E) Santidad de la Iglesia
Notemos, por último, que estas palabras: Santificado sea tu nombte, incluyen un reconocimiento de la función y misión sobrenatural de la Iglesia, la Esposa de Cristo. Porque sólo en ella ha establecido Dios los medios de expiación y purificación de los pecados y la fuente inagotable de la gracia: los sacramentos saludables y santificadores, por los que, como por divinos acueductos, derrama Dios sobre nosotros la mística fecundidad de la inocencia. Sólo a la Iglesia y a cuantos abriga en su seno y regazo pertenece la invocación de aquel nombre divino, el único que nos ha sido dado bajo el cielo, entre los hombres, por el cual podamos ser salvos ().
III. LA VIDA DEL CRISTIANO COMO ALABANZA DE DIOS
Es obligación del cristiano, hijo de Dios, alabar el santísimo nombre de su Padre, no sólo con ruido de palabras, sino también, y sobre todo, con el esplendor de una auténtica vida y conducta cristiana.
Es tristísimo e inexplicable que clamemos con los labios: Santificado sea tu nombre, cuando no tenemos inconveniente en mancharlo y afearlo en la realidad práctica de nuestros hechos. Y no pocas veces semejantes divorcios de palabra y vida son causa de maldiciones y blasfemias en quienes nos contemplan. Ya en su tiempo el apóstol Pablo tuvo que protestar enérgicamente: Por causa vuestra es blasfemado entre los gentiles el nombre de Dios (Rm 2,24); y el profeta Ezequiel: Y llegados a las gentes a donde fueron, éstas profanaron mi santo nombre, diciendo de ellos: ¡Éstos son el pueblo de Yavé; han sido echados de su tierra! (Ez 36,20).
Son muchos los que juzgan de la verdad de la religión y de su Autor por la vida de los cristianos. Según esto, quienes de verdad profesan la fe y saben conformar sus vidas con ella, ejercen el mejor de los apostolados, excitando en los demás el deseo afectivo de glorificar el nombre del Padre celestial.
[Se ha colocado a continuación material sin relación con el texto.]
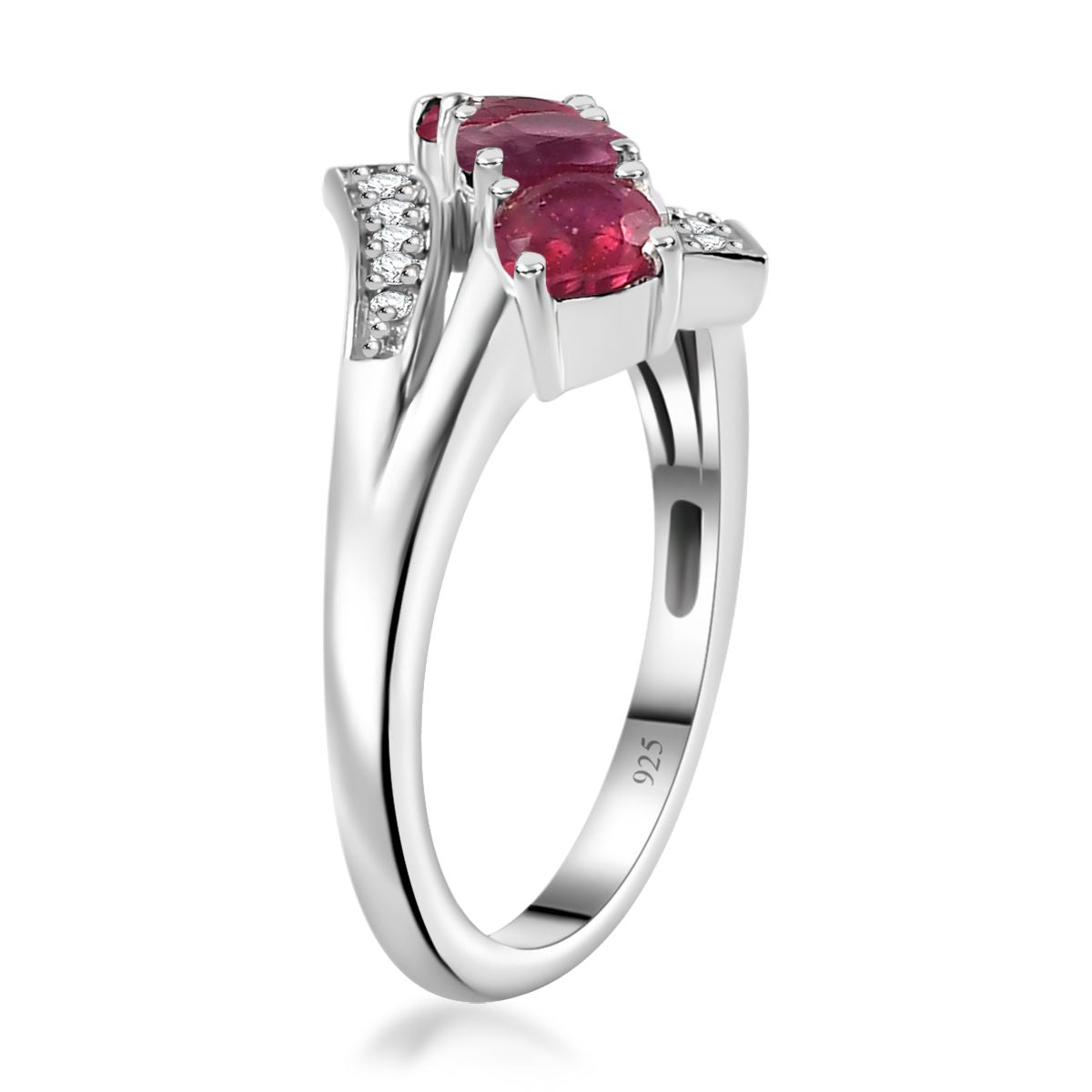 20.00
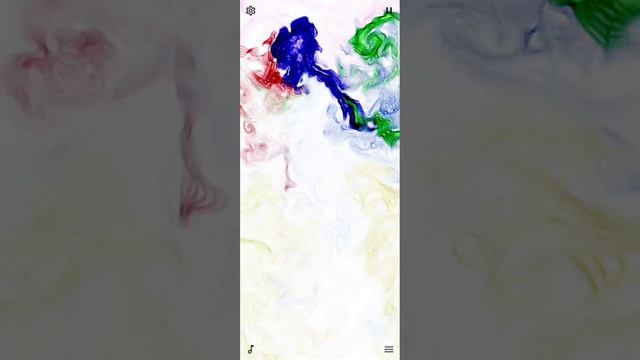 Расслабься 😌 смотреть онлайн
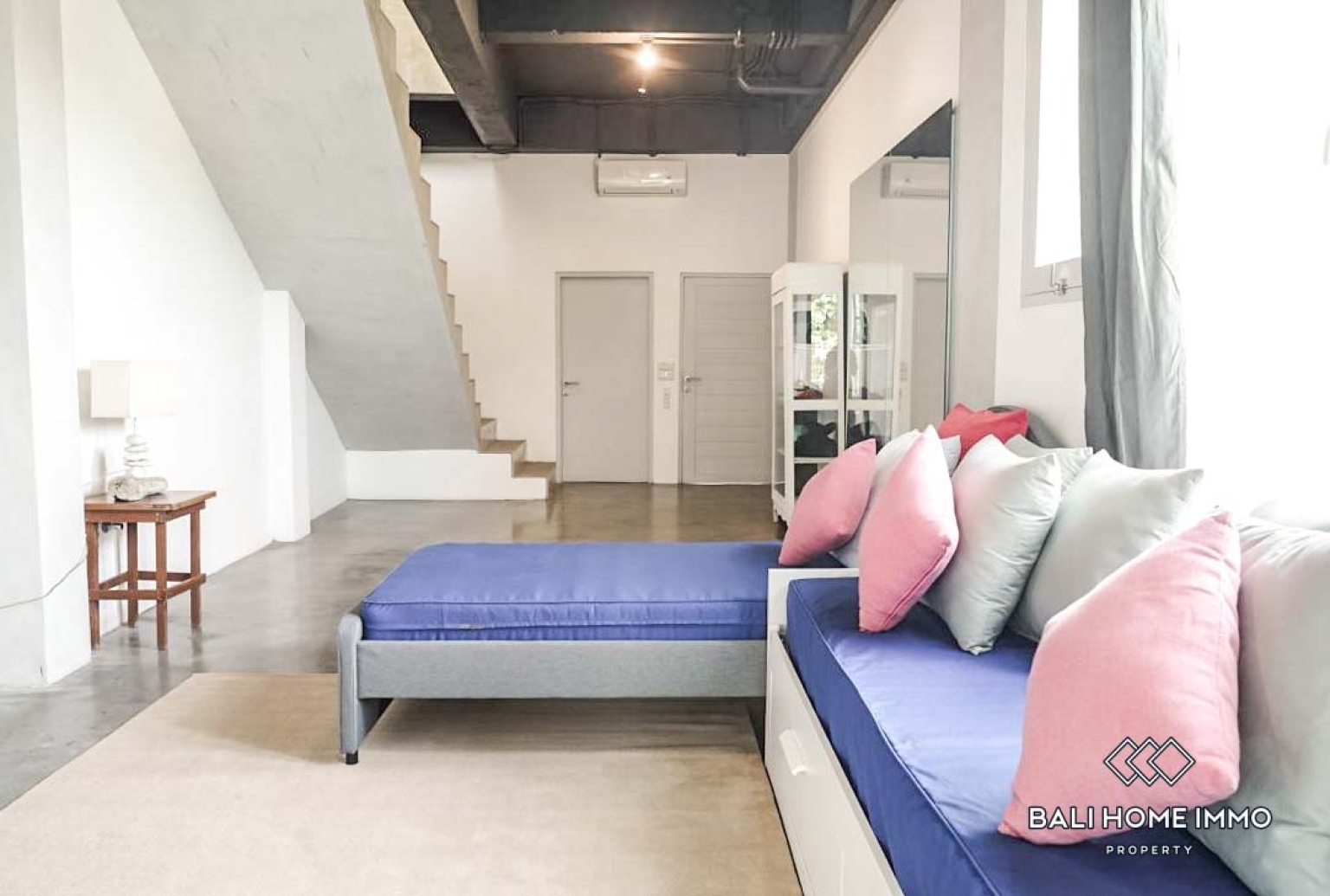 3 Bedroom Villa for Rent in Umalas — image 11
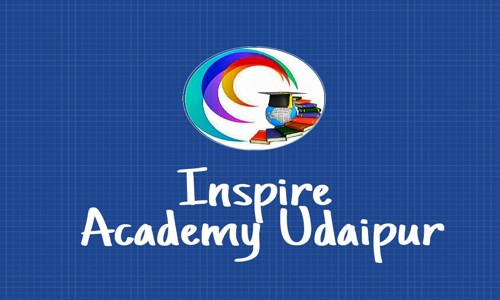 Udaipur Hostel - School Tuitions in Madri, Udaipur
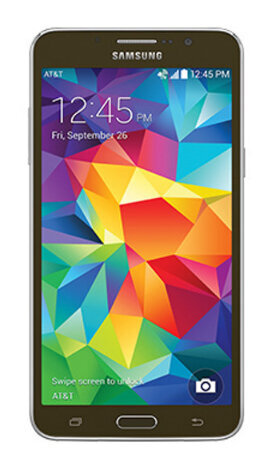 Περισσότερες πληροφορίες για "Samsung Galaxy SM-G750 (Μαύρο, Καφέ/16 GB)"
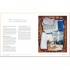 Made for You: Winter: Recipes for Gifts and Celebrations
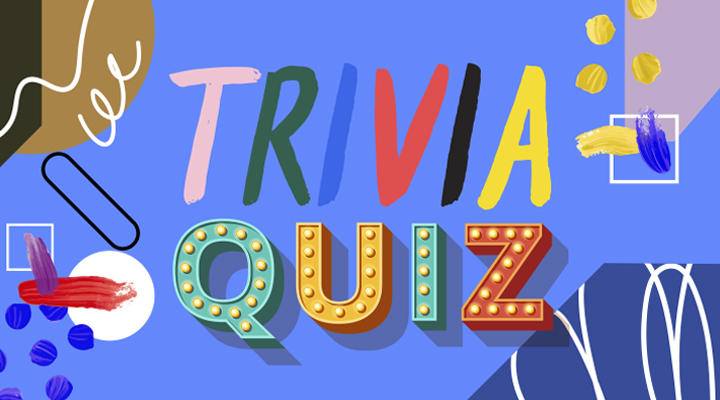 The Ultimate Guide to Hosting a Memorable Trivia Games Night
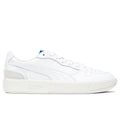 Puma x R. Dassler Legacy COL Sky LX Low - White/Puma Royal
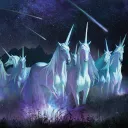 Unicorn Grove
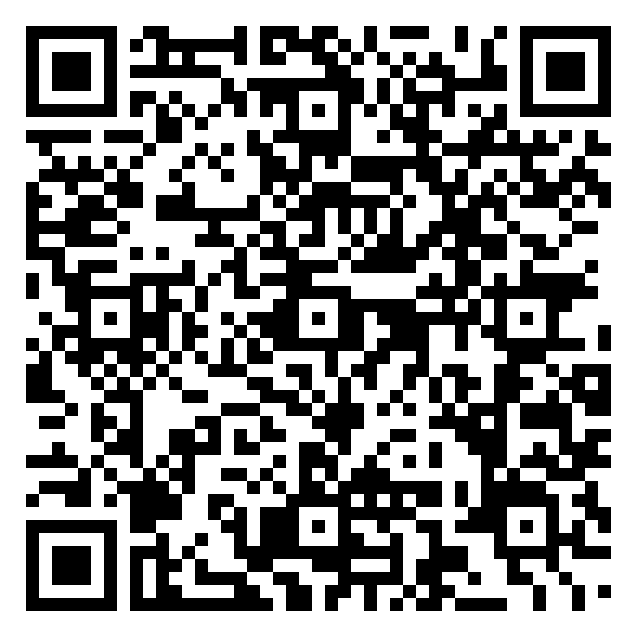 QR code 10080295000000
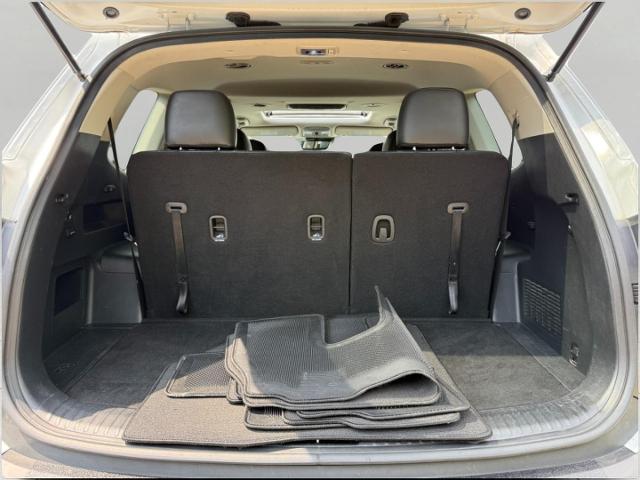 2020 Kia Telluride Vehicle Photo in Appleton, WI 54914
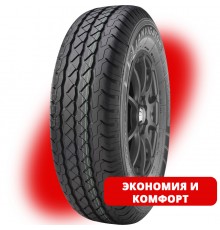 Шины - Lanvigator Mile Max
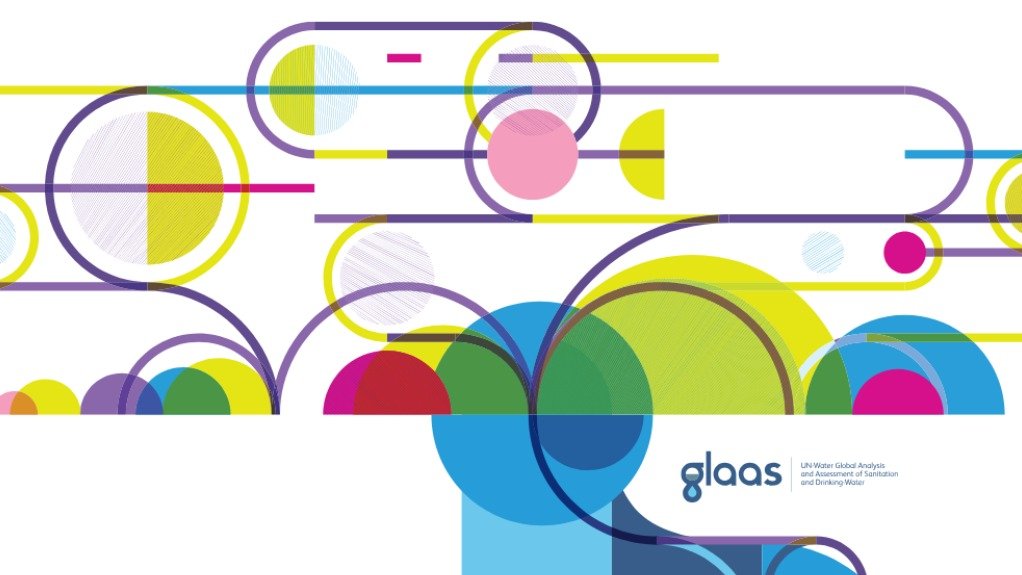  GLAAS 2025 report key findings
El mismo Cristo nos mandó explícitamente provocar con la bondad y el esplendor de nuestras vidas las alabanzas y bendiciones de Dios: Así ha de lucir vuestra luz ante los hombres, para que, viendo vuestras buenas obtas, glorifiquen a vuestro Padre, que está en los cielos (Mt 5,16); y San Pedro escribe: Observad entre los gentiles una conducta ejemplar, a fin de que, en lo mismo por lo que os afrentan como malhechores, considerando vuestras buenas obras, glorifiquen a Dios en el día de la visitación (1P 2,12).
Fuente: Mercabá
(1) Bienaventurados los que moran en tu casa y continuamente te alaban (Ps 83,5; cf. Ap. 4,8).
(2) Cf. Mt M3ss.; Lc 11,26.
(3) ¡Oh Dios!, de quien todos los bienes proceden, concede a los que te pedimos, pensar por tu inspiración rectamente y oforar rectamente también por tu dirección (Colecta de la misa del domingo V después de Pascua).